Is It Time To Rev Up AAM?

I’m trying to game out what the end vision of these AAM devices is. If it’s simply about accessibility from tight locations throughout a city, helicopters have existed for a very long time. So, it must be about cost. A Blade flight to JFK from the NYC heliport is about $95. So, we’re shooting for cheaper than $95 for a typical 10-20 mile flight. Ideally, we also want more pickup and dropoff locations (although we don’t currently have heliports everywhere, and there are reasons for that the AAM guys will still need to solve).

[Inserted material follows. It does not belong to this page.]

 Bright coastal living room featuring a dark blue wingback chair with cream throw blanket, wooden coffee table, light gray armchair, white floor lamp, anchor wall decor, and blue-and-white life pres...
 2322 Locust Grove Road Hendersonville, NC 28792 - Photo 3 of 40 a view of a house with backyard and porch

For the economics to work out like the investors want it to, there will need to be many aircraft, many flights, and many vertiports. Given the reaction to the Texas Amazon drone delivery facilities, it seems highly unlikely anyone wants these things whizzing over our heads at all hours.

So, we need them completely silent, completely safe, either with way more air traffic control or automated air traffic control systems, we need access to real estate that has never been open before, there must be really cheap flights, and high volume recharging stations along with power infrastructure. This sounds a lot like the VLJ “revolution” we were promised. The Eclipse was supposed to be $800k and we’d all fly private because there’d be so many and they’d be so cheap.

I’m not entirely sure what I’d use this service for. Traveling to the airport would be nice, but Blade does that already. Going to a baseball game would be nice, but how they’d get 50k people into and out of a stadium is just mathematically impossible with AAM. Going to pick up groceries doesn’t really make sense. Going on a road trip doesn’t make sense either. So, what’s the use case?